The variable F is where the real magic happens for this dweet. The first part of F handles the change over time, passed in as t. We will offset t by 9 seconds because it does not start out looking much like a spiral. The image to the left shows what it would otherwise look like at t==0. To speed up the rotation we just scale by 260. The spiral develops over time due to division by i here which makes the rotation speed proportional to distance from the center.
We add S(i*i) simply to widen the spiral, otherwise it would have no thickness. This makes the thickness 2 (sine goes from -1 to 1) out of a maximum 2*PI, which comes out to ~32%. The reason for S(i*i) as opposed to just S(i) is because this introduces some chaos to hide the regularities that would otherwise be present.
The animation to the right show how the spiral would develop over the first few seconds using a simplified F=t/i, without the time offset or widening factors.

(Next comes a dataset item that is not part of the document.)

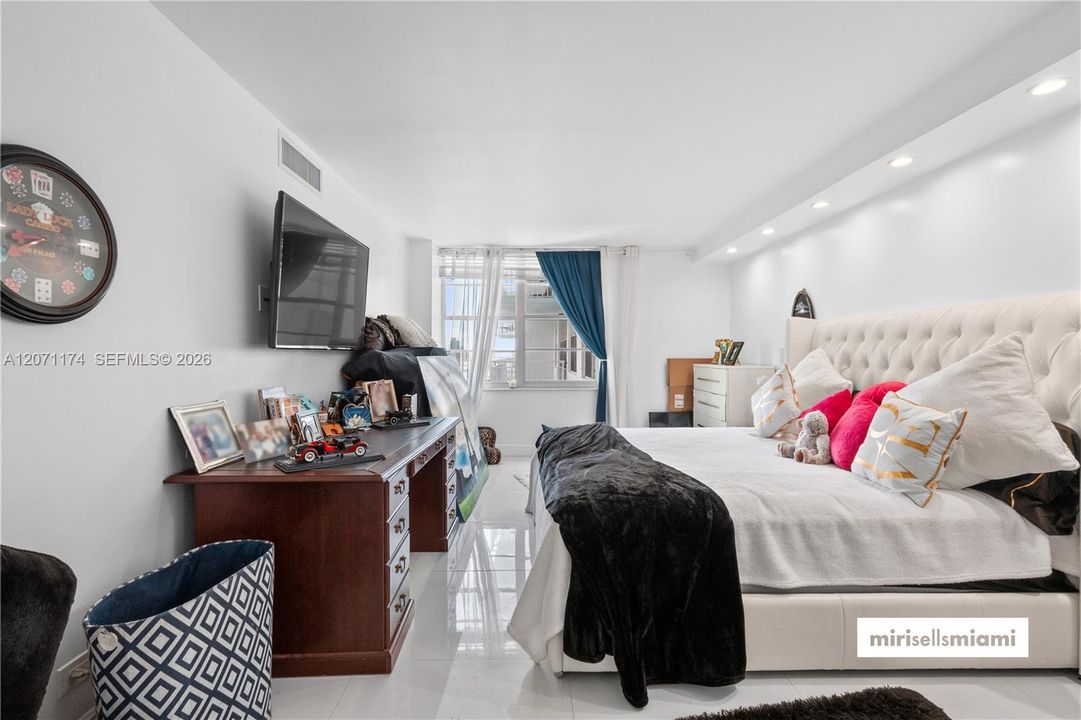 For Sale: $599,000 (2 beds, 2 baths, 1488 Square Feet)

i? 500 + .2 * ( 2*i*C(F) + 2e4/i ) : 0, // Y coord
The Y axis works similar to the X axis as you might expect with a spiral shape. To center things we again just offset, this time by 500 because the canvas is 1080 high and it looks better slightly above center. The Y position is scaled by .2 to make it seem like it’s being viewed from an angle. We already calculated F which is passed to cosine C just as it was passed to sine S for the X axis and the result is again scaled by i.
The main difference for the Y axis is the term 2e4/i is also added. This is what causes the characteristic funnel shape with the center dipping down and gradually flattening out. The image to the left shows what it would look like without this term.
One small improvement I now notice is that the 2 can be factored out leaving “.4*i*C(F)+4e3/i”.
K = i++? S(i)*9 : 2e3, K) // width, height
Again we must check the loop variable i, and at last we can increment it because this is the end of the loop. For the case of i==0 we want to the size to be large enough to cover the screen, 2e3 works perfect for a 1920×1080 canvas.
The size of each star is varied by S(i)*9. Half of the stars have negative scale, but that doesn’t prevent them from being rendered via fillRect. The width is stored in K and to be used again for the height to draw a square.
Wow, that pretty much covers everything! Let’s take one last look at code with a few improvements mentioned. These changes save 6 additional bytes, cutting it down to 133 from the original 139. I also tweaked the alpha parameter to make the trails more visible.
To help apologize to all the astronomy fans out there who might be disappointed, I made another dweet to approximate the first image of a black hole. This one works completely differently then what we just went over, maybe we’ll talk about it someday in a future post.